Sebenarnya untuk mempertinggi kualitas diri dan meyakinkan klien, banyak juga ujian atau sertifikasi yang bisa diikuti penerjemah, misalnya saja Ujian Kualifikasi Penerjemah (UKP). Ujian ini dibagi menjadi dua, yaitu terjemahan umum dan terjemahan hukum. Peserta yang lulus dalam ujian terjemahan umum akan mendapatkan sertifikat sebagai certified translator. Jika ingin mendapatkan SK Gubernur DKI sebagai penerjemah  bersumpah (sworn translator), maka yang harus diikuti adalah ujian terjemahan hukum. Sayang ujian yang diselenggarakan setahun sekali ini hanya dibuka untuk peserta yang memiliki KTP Jabotabek. Mengingat persyaratan kelulusannya sangat ketat, maka persentase peserta yang lulus juga sangat kecil.

Tes Sertifikasi Nasional (TSN) yang diadakan Himpunan Penerjemah Indonesia Tesjuga dapat diikuti semua penerjemah anggota HPI di seluruh Indonesia (tidak hanya dibatasi warga Jabotabek). Walaupun sebenarnya materi soal juga tak kalah sulit dibandingkan UKP, namun waktu pelaksanaan tes berlangsung setahun dua kali.

Setelah semua perbekalan keahlian siap, Tes kemampuan memasarkan diri juga harus kutingkatkan.
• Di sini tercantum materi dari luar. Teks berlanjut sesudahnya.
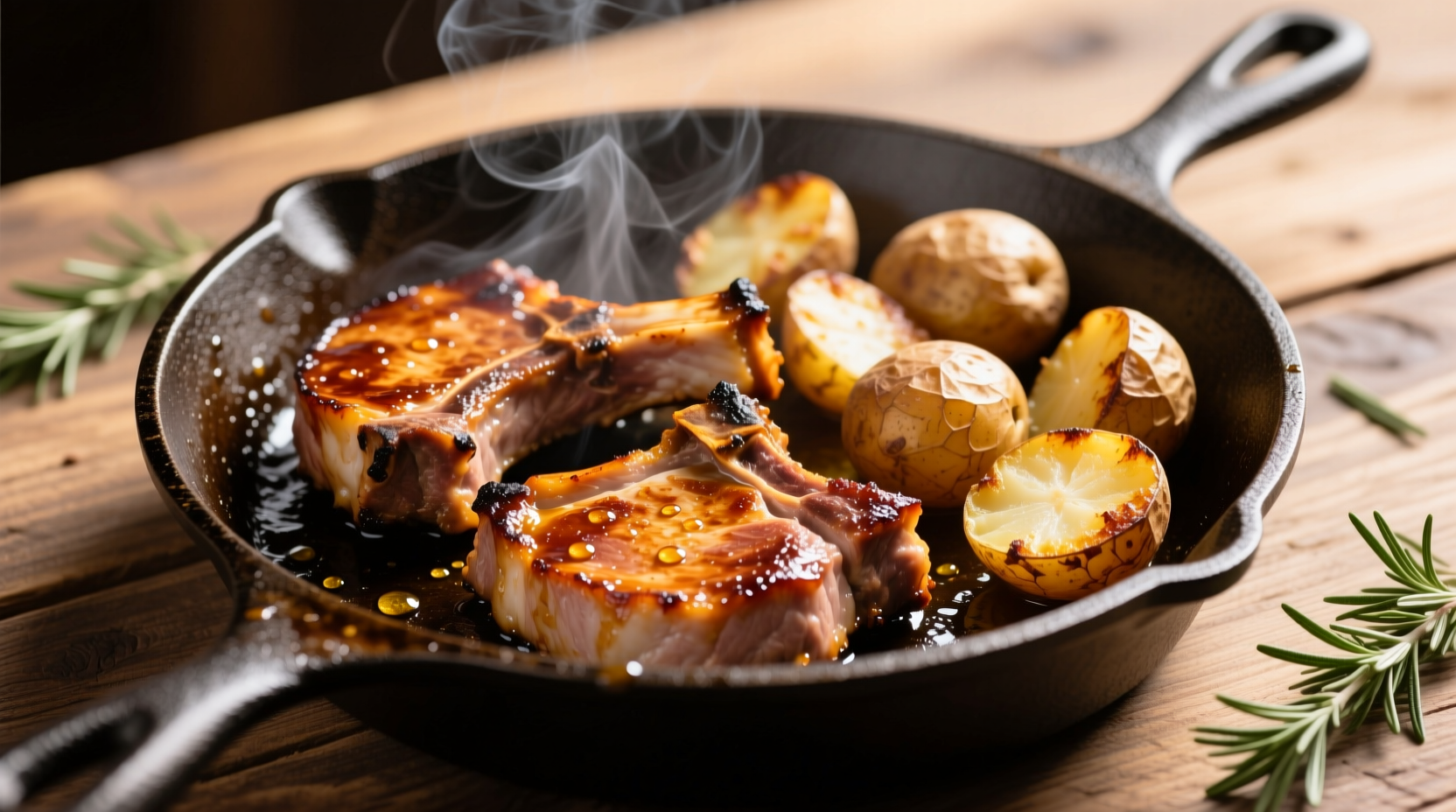 Juicy pork chops with golden roasted potatoes on cast iron skillet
Ibarat pepatah,tak kenal maka tak sayang. Meskipun kita benar-benar mumpuni, tetapi jika kita tetap bersembunyi, maka calon klien tidak melihat kita. Semakin pintar memasarkan diri, pekerjaan yang datang bahkan tak menutup kemungkinan berasal dari luar negeri dengan tarif Dolar atau Euro.
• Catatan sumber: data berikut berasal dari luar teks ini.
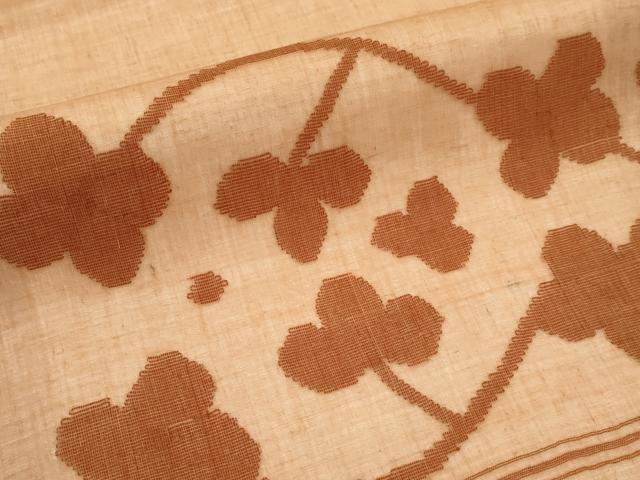 平和屋着物＊夏物　九寸名古屋帯　横段枝花文　江戸茶色　正絹　逸品　CABK1621tx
Perjuangan menjadi seorang penerjemah memang tak mudah. Selain kemampuan menerjemahkan, kepiawaian diri kita untuk menjaring relasi dan memasarkan diri juga diperlukan. Harga atau rate  menerjemahkan juga kubuat dengan “manusiawi”. Terkadang aku heran mengapapara penerjemah baru – yang karena ketidaktahuan mereka atau terdesak kebutuhan – menetapkan rate yang sangat rendah kepada klien internasional. Padahal yang patut diingat, mereka tidak sedang menghadapi klien dalam negeri, jadi seharusnya juga tidak menggunakan rate dalam negeri. Jika rate terlalu rendah, yang rugi adalah penerjemah itu sendiri dan sesama penerjemah yang lain. Biasanya untuk pasar internasional, rate manusiawi yang digunakan adalah USD 0.05/kata (lima sen per kata sumber). Sedangkan untuk pasar domestik, pada tahun 2005 HPI mengeluarkan acuan yang bisa dilihat di situs HPI atau blog Bahtera. Namun karena itu hanya acuan, penerjemah boleh saja menaikkan atau menurunkan tarifnya dari daftar yang ada, tergantung kesepakatan dengan klien.

Hal-hal di atas tersebut niscaya sudah diketahui oleh para penerjemah profesional, dan sebetulnya masih banyak lagi kiat lainnya. Dunia penerjemahan ini sangat luas, dan yang sempat kujelajahi baru seujung kukunya.

Belum lama ini aku bertemu dengan mantan bosku. Ia bertanya, “Jadi apakah seluruh keinginan Mbak dengan menjadi penerjemah penuh waktu sudah terpenuhi?”

“Sebagian besar sudah. Tapi saya salah tentang satu hal. Ternyata saya tidak dapat libur apalagi mengambil cuti panjang semaunya meskipun sudah menjadi freelancer, dan jam kerja tanpa lembur itu pun hanya angan-angan.”